Local governments being recognized include the cities of Cupertino and Santa Cruz and the counties of Placer and Los Angeles.
Sponsored by the League of California Cities®
, California State Association of Counties® (CSAC) and County Engineers Association of California (CEAC), the Outstanding Local Streets and Roads Project Awards Program honors best practices in road projects that can be replicated by other jurisdictions. The awards also acknowledge cities and counties that promote fiscal and environmental sustainability in the local transportation system.
“Transportation funding is a major issue statewide right now,” said Matt Machado, Stanislaus County director of Public Works and president of the County Engineers Association. “So we’re recognizing these cities and counties for completing great projects that enhance safety, traffic flow, and the environment at a time when funding is extremely tight.”
“It is encouraging to see the Legislature debating how to create a stable statewide transportation funding plan. In this process there has been a focus on transparency and accountability and that is exactly what these award-winning local projects exemplify,” said Culver City Public Works Director Charles Herbertson, chair of the Local Streets and Roads Awards Committee. “The winning counties and cities and finalists are examples of how local governments are wisely investing tax payer dollars in projects that improve the transportation system and better our communities.”
Los Angeles County
is the Overall Winner for the Angeles Forest Highway Project: A joint effort between Los Angeles County and the Federal Highway Administration (FHWA), the Angeles Forest Highway Project showcases the benefits of properly applying a sustainable approach to road rehabilitation. A scenic mountain route with access to hiking and equestrian trails, the Angeles Forest Highway is the main connection between the Antelope Valley and the Los Angeles Basin.

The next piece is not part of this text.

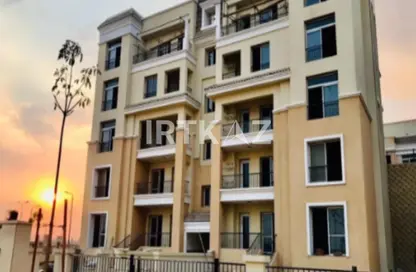 Apartment - 3 Bedrooms - 3 Bathrooms for sale in Sarai - Mostakbal City Compounds - Mostakbal City - Future City - Cairo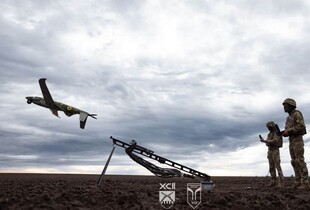 В НГУ розповіли, як українські middle strike вплинули на літній наступ армії рф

Sixteen and a half miles of roadway in poor condition with areas of severe structural deficiency needed to be brought to current standards. Cold-in-place recycling (CIR) was used to rehabilitate the roadway. Recycling the existing asphalt in-place eliminated the need to remove existing pavement from the project location and import a conventional hot mix asphalt to replace it. The CIR process resulted in reduced environmental impacts and road closures, shortened construction time, and protected our natural resources by mitigating the need to quarry tons of virgin aggregate materials.
The City of Cupertino
is being awarded the Efficient and Sustainable Road and Bridge Preservation, Maintenance and Construction and Reconstruction Project prize: Cupertino’s 139 centerline miles of street network includes 103 miles of residential streets, 21 miles of collector streets and 15 miles of arterial streets. The city managed its roads by proactively and routinely conducting asphalt maintenance projects to ensure preservation of the $340 million network. A sustainable strategy, based upon consistent use of sustainable products and close project coordination, has helped Cupertino save time, money and natural resources, while also reduce inconveniences to residents and businesses. This effort also enabled the city to focus on enhancing active transportation. From FY 2013-14 through FY 2015-16, 4.8 miles of bike buffers and 5.6 lane miles were narrowed to accommodate bike buffers, provide additional on-street parking, and improve safety for all road users. The city projects that its street network Pavement Condition Index will increase to 80 by 2019.
won the award in the Complete Streets and Multi-Modal Mobility Project category for the Kings Beach Commercial Core Improvement Project: Located along the north shore of Lake Tahoe in Placer County, the Kings Beach Commercial Core Improvement Project was a major public infrastructure investment that sought to revitalize the Kings Beach lake shore community. The project includes intermodal and roadway safety enhancements coupled with complete street infrastructure and streetscape improvements. It was designed to help trigger private redevelopment projects and provide multi-modal benefits that will increase and enhance transportation options within the community and beyond by creating enhanced public transit connectivity for the North Lake Tahoe region. The project also helps the community’s disadvantaged groups with improved and more affordable transportation options, local services and employment opportunities.
The City of Santa Cruz
won the award in the Safety or Intelligent Transportation Systems Projects Category for the Santa Cruz Beach Area Roundabouts: Pacific Avenue serves as a crucial link between downtown Santa Cruz and the beach area, including the Boardwalk and the Municipal Wharf. The city’s plan recommended the construction of two roundabouts on Pacific Avenue at Center Street and Beach Street. The intersection modifications improve traffic flow, bike and pedestrian access and safety, and support the city’s climate action goals to reduce transportation-related greenhouse gases. The roundabouts create a very attractive gateway to Monterey Bay, while addressing multi-modal safety and efficiency well into the future. Both roundabouts feature the area’s common marine life in art work. The Pacific-Center roundabout incorporates the main entrance to Depot Park, while the Pacific-Beach roundabout has a railroad through the northern side, a cycle-track on the southern side, and the entrance-exit gates to the Santa Cruz Municipal Wharf.